To read a structure,

#include "Reader.hpp"

...

FILE* f = fopen("test.mae", "r");
schrodinger::mae::Reader r(f);

std::shared_ptr<schrodinger::mae::Block> b;
while ((b = r.next(schrodinger::mae::CT_BLOCK)) != nullptr) {
  // Parse structure
}
fclose(f);

See also test/UsageDemo.cpp, which reads an example structure and stores it in a dummy Molecule class.

Background

Why do we have a recursive descent parser for mae files instead of using a parser generator like ANTLR or lex/yacc? The main reasons are that the mae format language is 1) pretty simple, 2) unlikely to change significantly, and 3) not a context free grammar.
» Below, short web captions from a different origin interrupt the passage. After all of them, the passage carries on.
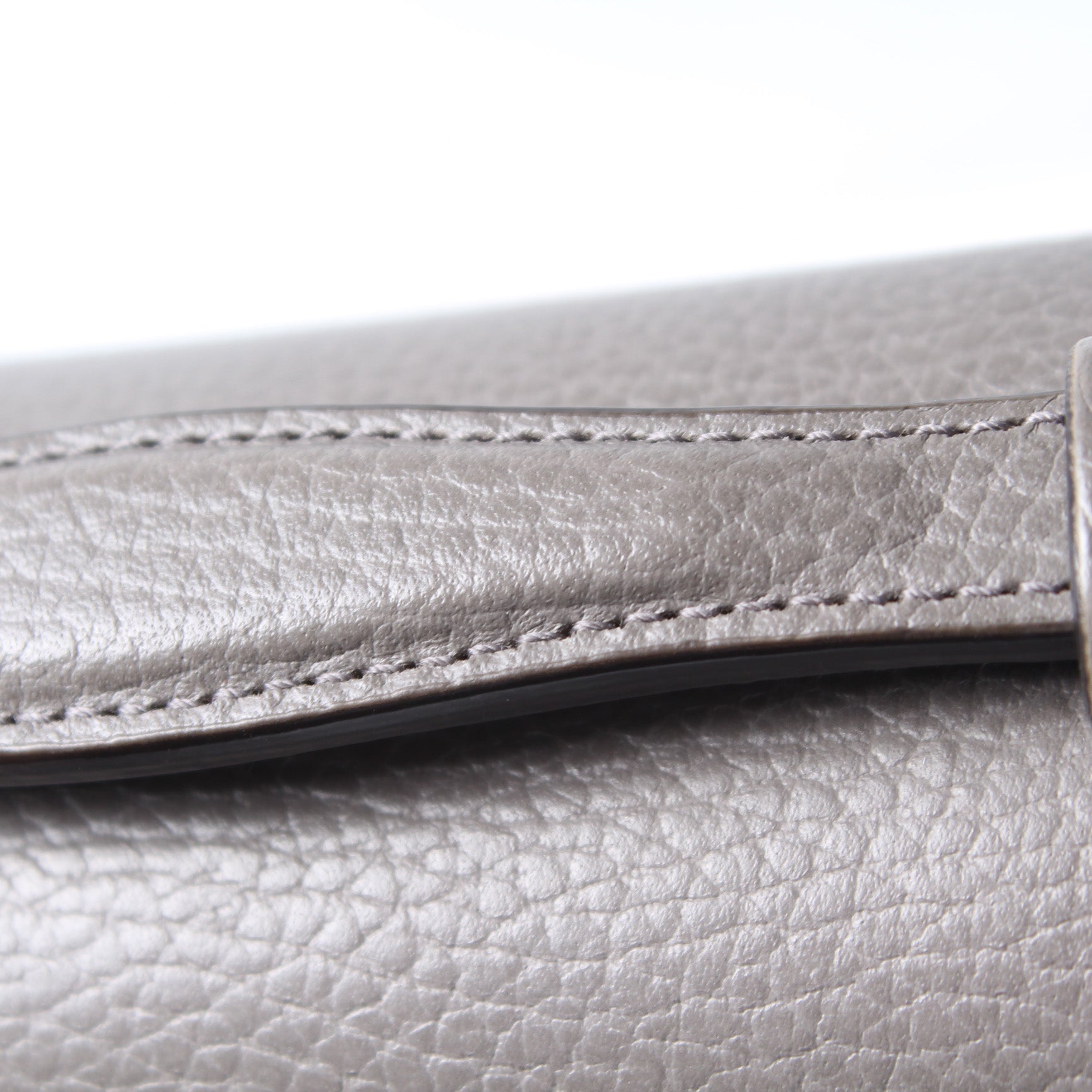 510302 Medium Interlocking Satchel – Keeks Designer Handbags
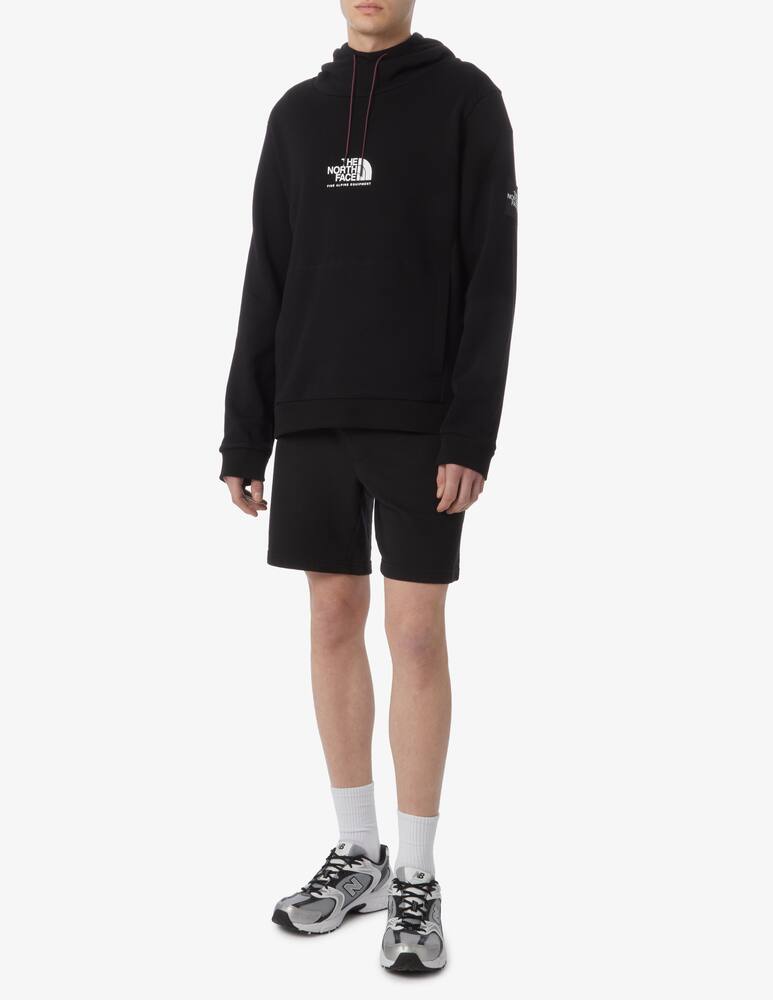 rinascente The North Face Fine alpine hoodie 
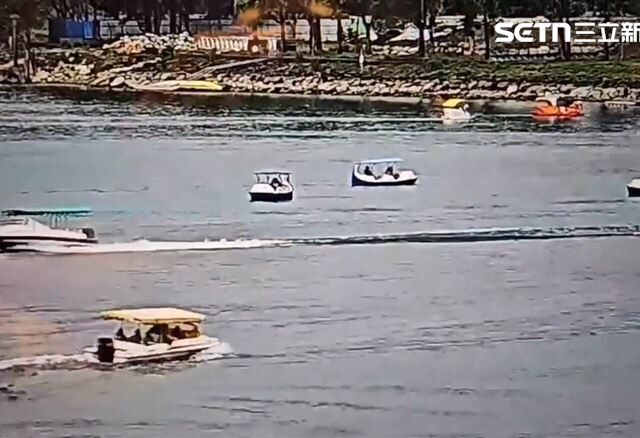 台灣新聞通訊社-鯉魚潭男童溺斃！網友爆料5年前曾投訴快艇掀浪　「當局沒作為」釀悲劇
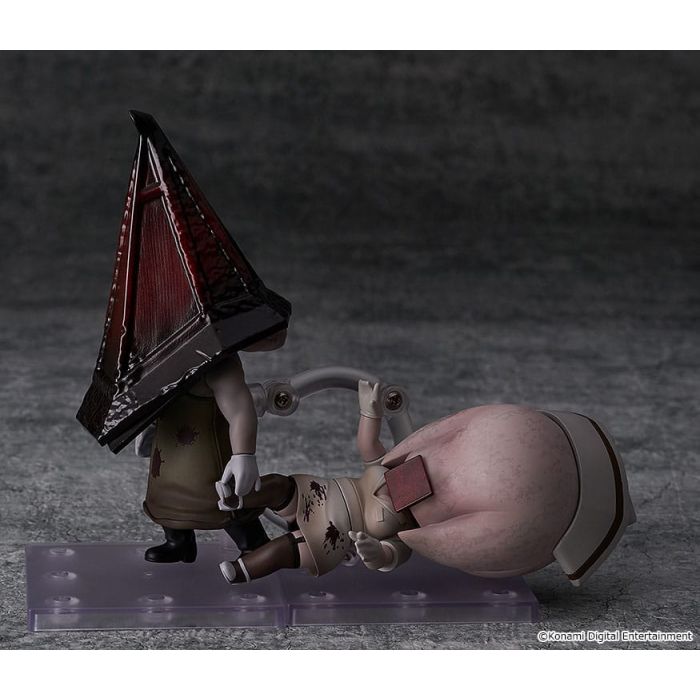 Silent Hill 2 Nendoroid Action Figure Bubble Head Nurse 10 cm    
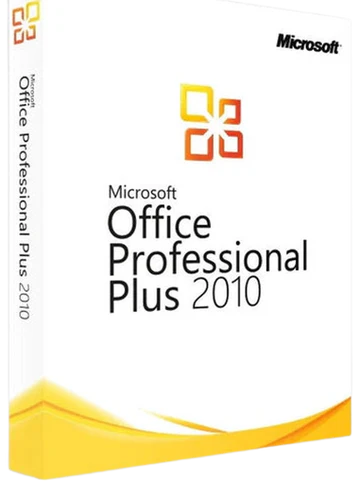 Microsoft Office 2010 Professionel Plus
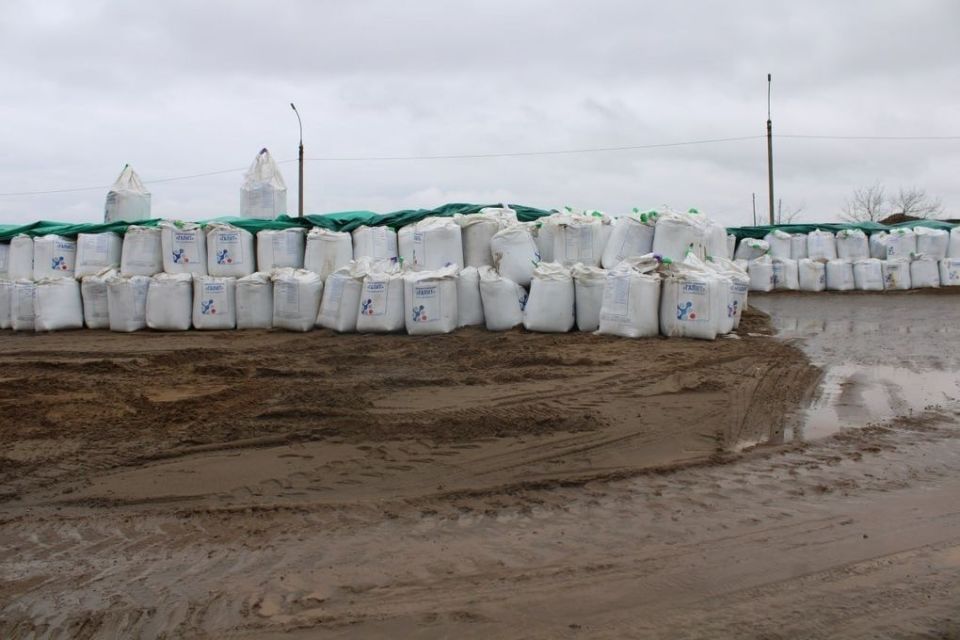 Больше 800 тонн чистой соли использовали на федеральной трассе в Удмуртии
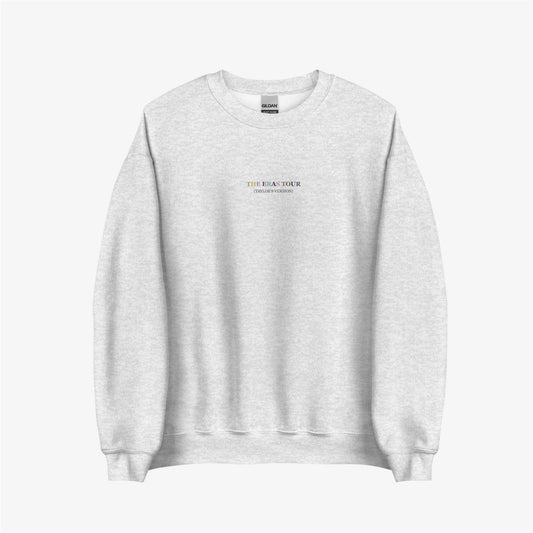 eras tour crewneck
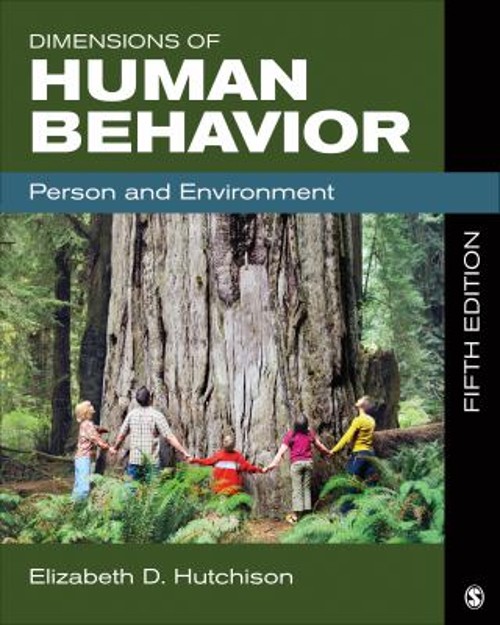 Dimensions of Human Behavior : Person and Environment Elizabeth D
In addition, speed of parsing these files is important.

In what way is the current version of the language not a CFG? Special tokens like block opener { and key/value separator ::: can also be string values because the quotes on string values are not required. This results in complication and pain in attempts to define a grammar.

Why this format?

There are many molecule formats out there, and the significant strength of this one is that it exactly fits the use case of Schrödinger's physics-based modeling. As the primary (and only lossless) Schrödinger output format, any package that wishes to implement lossless data extraction of Maestro output needs to interact directly with this format. This is not an intentional limitation, but is due to the nature of chemical storage formats: it's extremely hard to get a format that's both 1) Flexible enough to hold any type of data and 2) Not so flexible that each user has to implement their own rules. The Maestro format avoids this paradox by having the exact flexibility that Schrödinger's physics based backends require, without additional flexibility that other use cases might demand.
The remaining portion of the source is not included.